How can I count multiple foreign keys and group them in a row?


I have one table with the following structure:

ID|FK1|FK2|FK3|FK4
ID|FK1|FK2|FK3|FK4
ID|FK1|FK2|FK3|FK4

And another table that holds:

FK|DATA
FK|DATA
FK|DATA
FK|DATA

The FKn columns in the first table references the FK field in the second one. There can be more than one record linked between the first table and the second one.

What I want to achieve is to create another table with the total number of records of every FKn linked. For example:

ID|FK1|FK2|FK3|FK4
 A|0  |23 |9  |3
 B|4  |0  |2  |0

I know how to transform the row flow and iterate over every FKn field. I also know how to count. What Im not able to do is to group every FKn count from the same ID into one row, because after I use a tLoop component, every count operation is transformed into a new row like:

FK|count
FK|count
FK|count
FK|count
...

Any idea about how to join rows by packing N of them into one single row each time? Or is there another way to do it?

NOTE: I'm using text data as input


Solution

  • if i understood your issue then i would suggest a different way as below (provided you have fixed number of FK1, FK2, FK3, FK4)

    tFileInput-->Tmap (left join to lookup tAnotherTable(FK DATA) on FK1) -->output-1 i will have four columns - ID, FK1=(0 or 1 - 0 if no matching row is found, 1 if matching row is found), FK2=0, FK3=0, FK4=0. This could be a case where for same ID we can get many FK1 values as you mentioned there can be more than one rows)..

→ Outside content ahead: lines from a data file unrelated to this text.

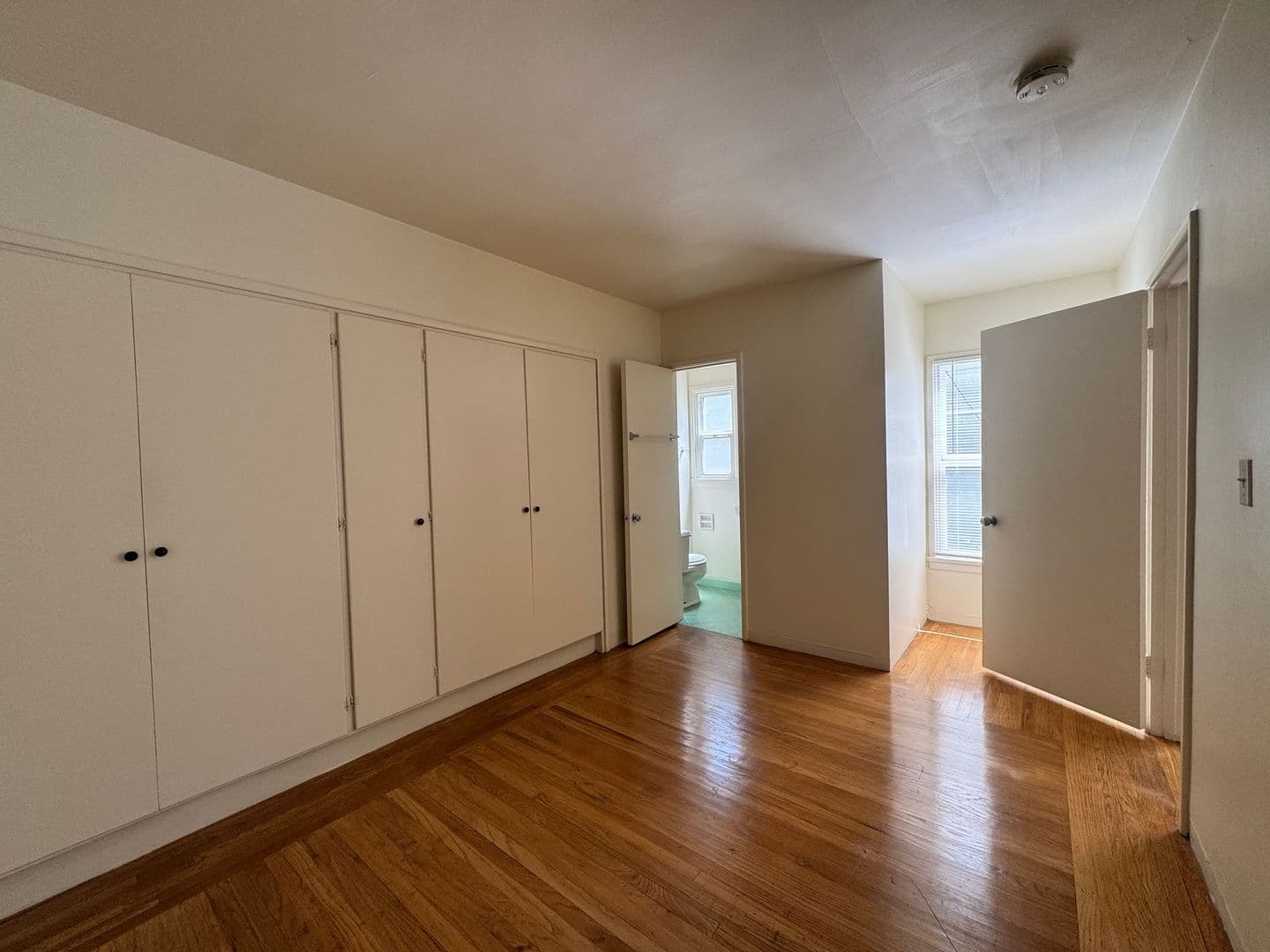Sacramento Apartment: 2230 10th Avenue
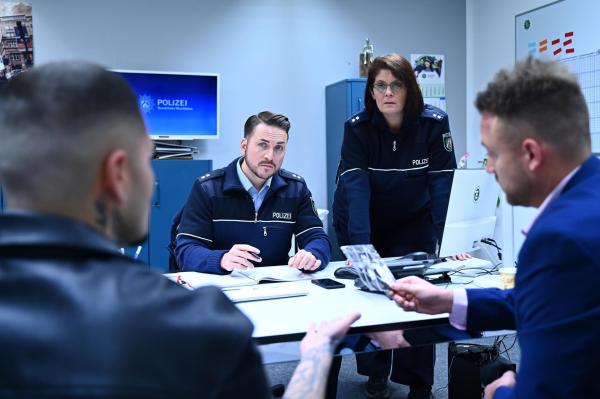 Bild 1 von 12: Jonas Schmidt (l.); Ilka Fischer (r.)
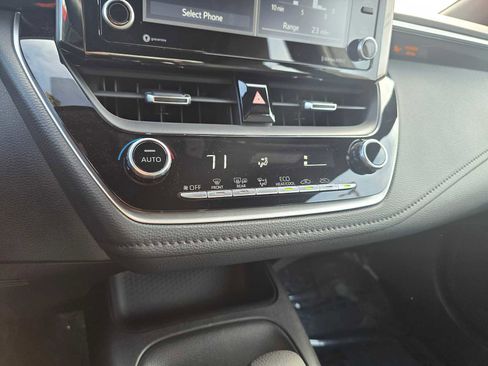 Used 2022 Toyota Corolla SE image 28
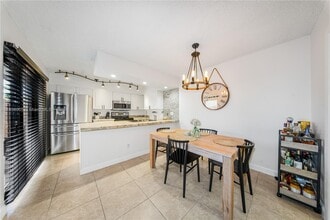 12006 SW 9th Mnr in Davie, FL - Foto de edificio - Building Photo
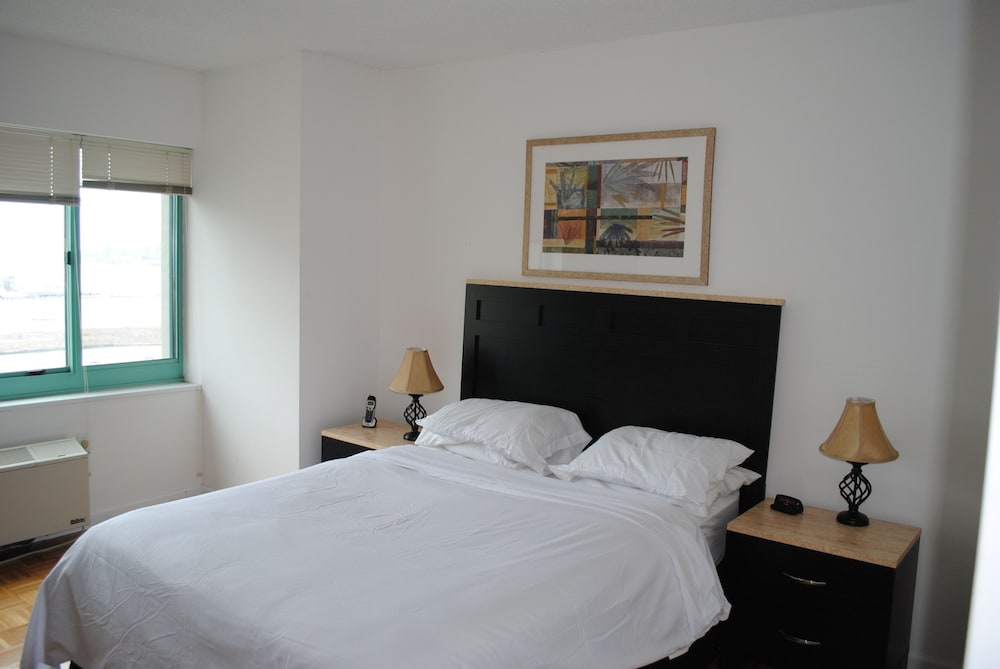 Hudson Suites at Newport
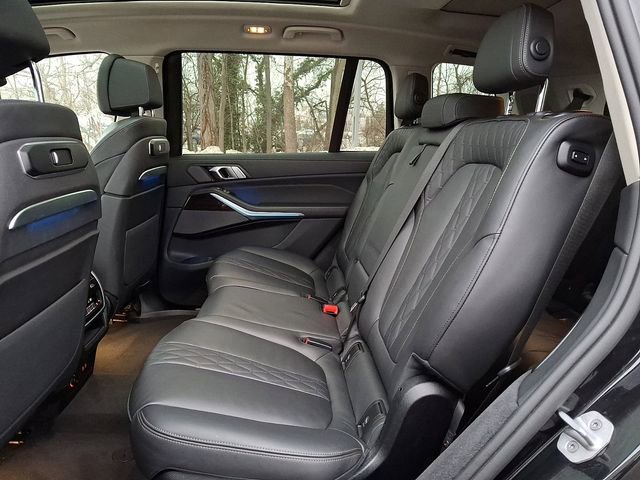Used 2025 BMW X7 xDrive40i image 13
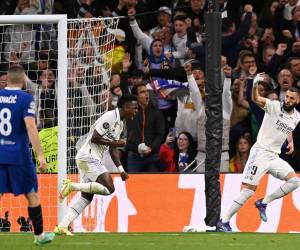 Karim Benzemá abrió la ruta del triunfo para el Real Madrid.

    Similarly i will have tFileInput-->Tmap (left join to lookup tAnotherTable(FK DATA) on FK2) -->output-2 i will have four columns - ID, FK1=0, FK2=(0 or 1 - 0 if no matching row is found, 1 if matching row is found), FK3=0, FK4=0.

    tFileInput-->Tmap (left join to lookup tAnotherTable(FK DATA) on FK3) -->output-3 i will have four columns - ID, FK1=0, FK2=0, FK3=(0 or 1 - 0 if no matching row is found, 1 if matching row is found), FK4=0. ..... ... Next i will Union all these Output-1, output-2, output-3, output-4 into a final result set say union all ResultUnionall and will move them to tagg and group by ID column and take SUM(FK1), SUM(FK2), SUM(FK3)...

    to summarize you job will look something as below
    
    tFileInput--->tmap(withlookup)-->tHash1/tFileOutput1
    tFileInput--->tmap(withlookup)-->tHash1/tFileOutput2
    tFileInput--->tmap(withlookup)-->tHash1/tFileOutput3
    tFileInput--->tmap(withlookup)-->tHash1/tFileOutput4
    
    
    tHashInput1/tFIleInput1---
    tHashInput1/tFIleInput1---
    tHashInput1/tFIleInput1----
    tHashInput1/tFIleInput1---  tUnite--->tAgg-->finaloutput.